El 23 de diciembre de 1887, más o menos al mediodía, sintiéndose bien mal y sin poder retener nada en el estómago, Don Bosco le dijo al secretario:
– Procura que, además de vos, esté aquí otro sacerdote. Necesito que haya uno listo para administrarme los Santos Óleos.
– Don Bosco —le respondió—, Don Miguel Rúa siempre está en el cuarto de al lado. Además, usted no está tan grave como para hablar así.
– Se sabe —replicó Don Bosco—, ¿ya se sabe aquí en la casa que estoy tan mal?
– Sí, Don Bosco. No solo aquí; también en las demás casas, y ahora en todo el mundo, y todos rezan por usted.
– ¿Para que yo me cure?… ¡Yo ya me voy para la eternidad!

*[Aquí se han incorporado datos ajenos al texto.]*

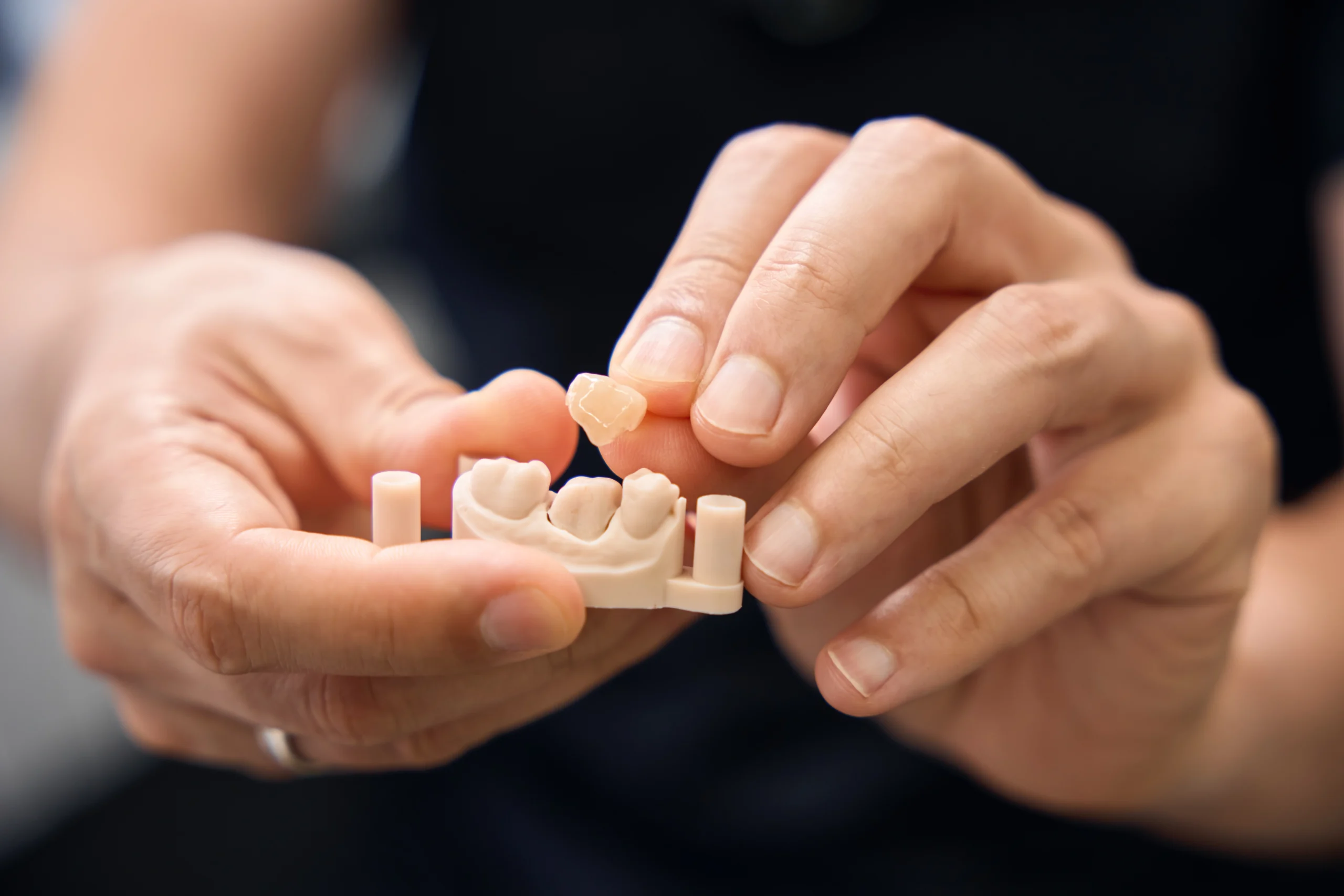 Dental crowns at Face Dental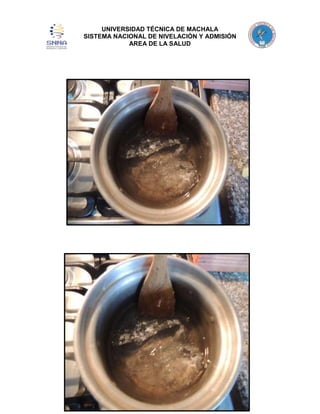 UNIVERSIDAD TÉCNICA DE MACHALA
SISTEMA NACIONAL DE NIVELACIÓN Y ADMISIÓN
AREA DE LA SALUD

 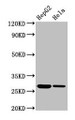 Western Blot; Positive WB detected in: HepG2 whole cell lysate, Hela whole cell lysate; All lanes: VPS29 antibody at 3.4µg/ml; Secondary; Goat polyclonal to rabbit IgG at 1/50000 dilution; Predicted band size: 21 kDa; Observed band size: 28 kDa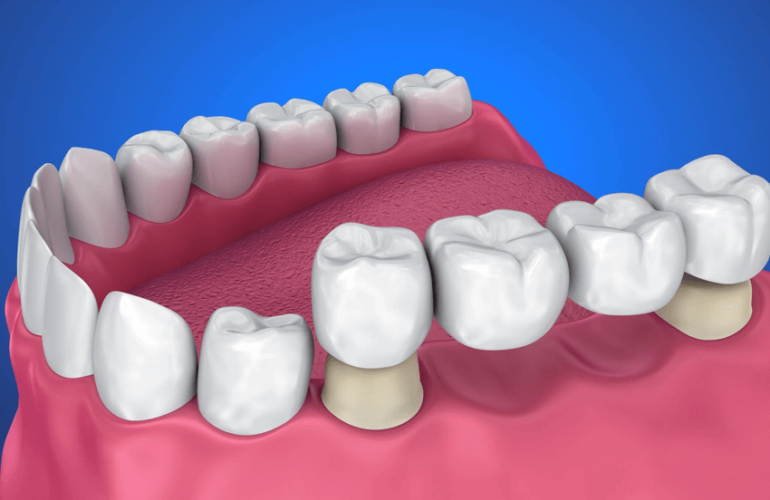 Dental Bridges in Hamilton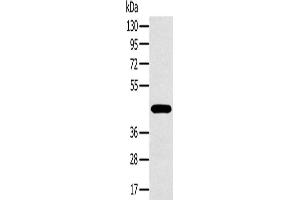 Western Blotting (WB) image for anti-Melanoma Antigen Family A, 10 (MAGEA10) antibody (ABIN2423753)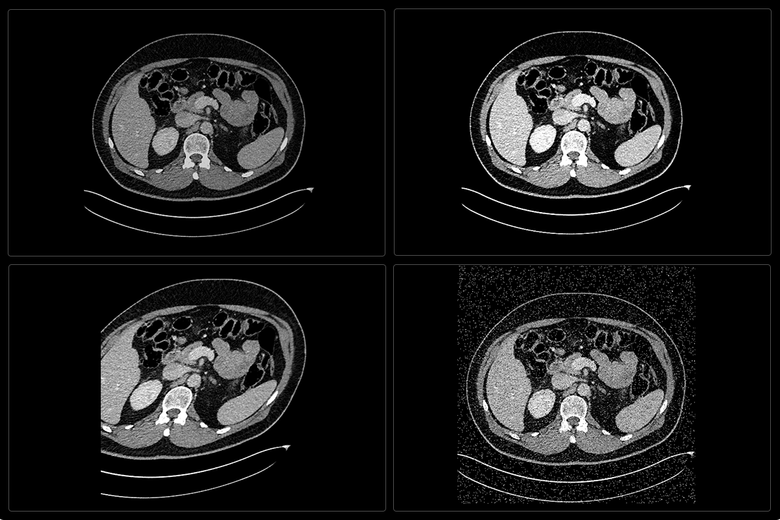 Medical Image Augmentation Deep learning in medical imaging: data augmentation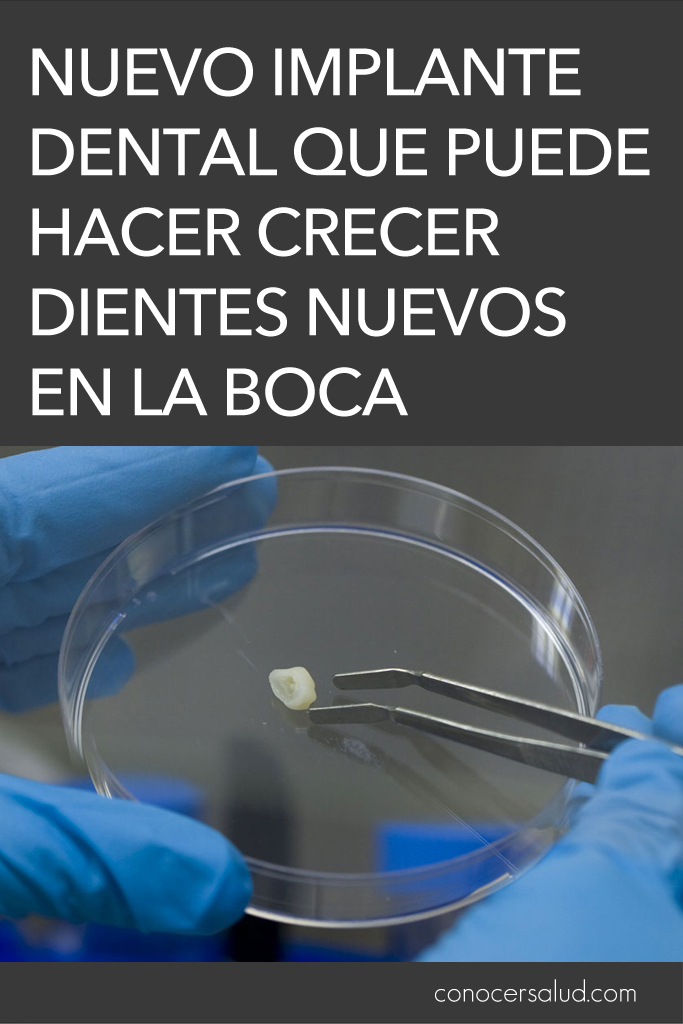 Asombroso nuevo implante dental que puede hacer crecer dientes nuevos en la boca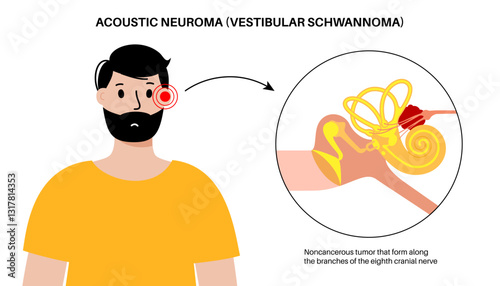 Acoustic neuroma poster
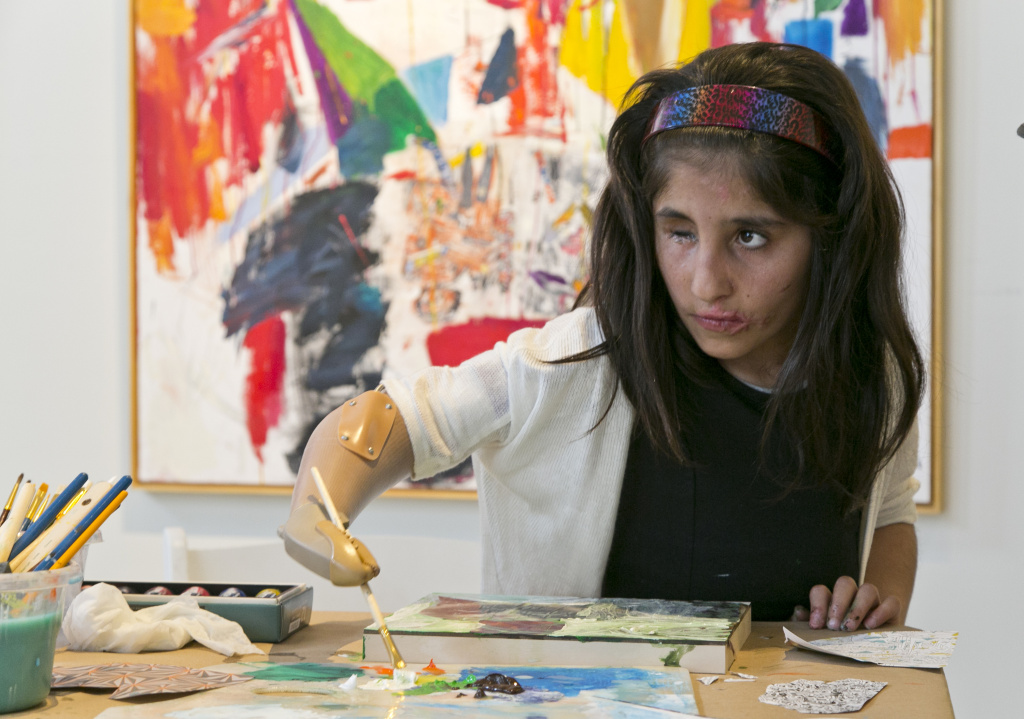 Afghan Girl-Prosthetic Artistry Afghan war victim Shah Bibi Tarakhail uses her new prosthetic arm to paint during a private session with artist Dayvd Whaley at Galerie Michael in Beverly Hills, Calif., Wednesday, April 2, 2014. Shah Bibi, a 7-year-old Afghani who lost her arm after picking up a grenade, received a new prosthetic arm at Shriners Hospital for Children and will be heading back home to her family on April 8, though she will return to Southern California in coming summers for additional medical procedures, including receiving a prosthetic eye.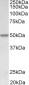 PDCD4 (aa210-221) Antibody (internal region)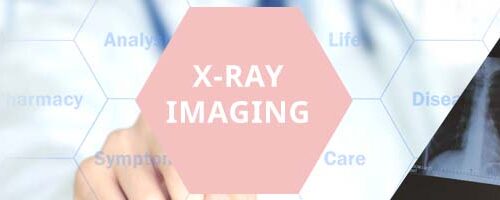 XRAY IMAGING roze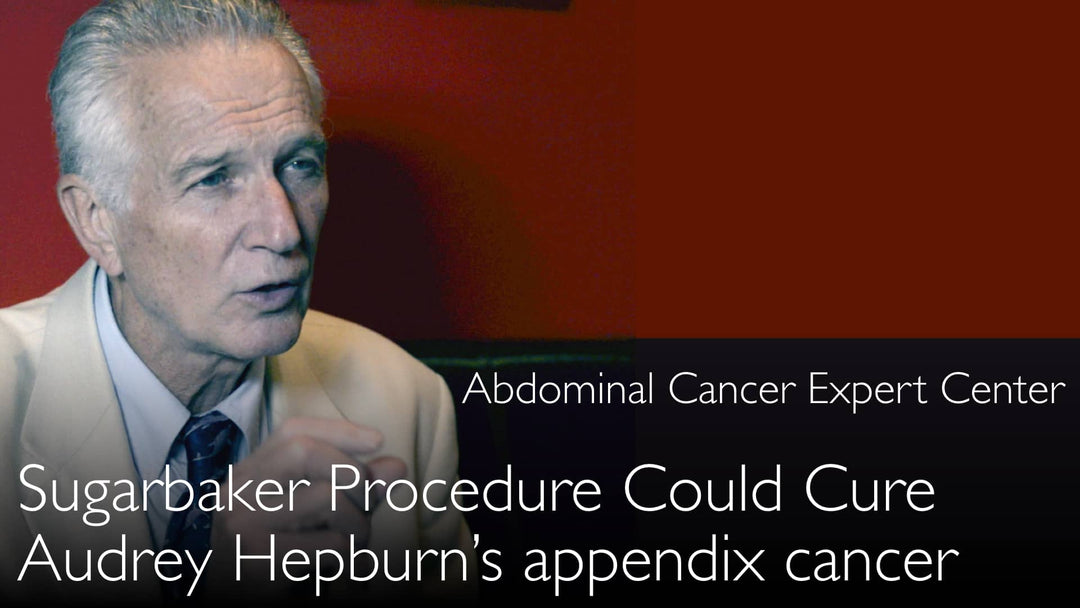 Audrey Hepburn's appendix cancer could be cured today. Sugarbaker Procedure. 2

A todos los que se le acercaban, les daba recuerdos, como quien ya se está despidiendo para siempre. A Don Juan Bonetti, Catequista General, le dijo, apretándole la mano:
– Sé siempre un fuerte sostén de Don Miguel Rúa.
Y más tarde, al secretario, añadió:
– Hacé que todo esté preparado para el Santo Viático. Somos cristianos y debemos ofrecerle a Dios, con buena voluntad, la propia existencia.
Fuente: Lemoyne, J. B. (s.f.). Memorias biográficas de San Juan Bosco (Vol. 18, p. 423). Central Catequística Salesiana.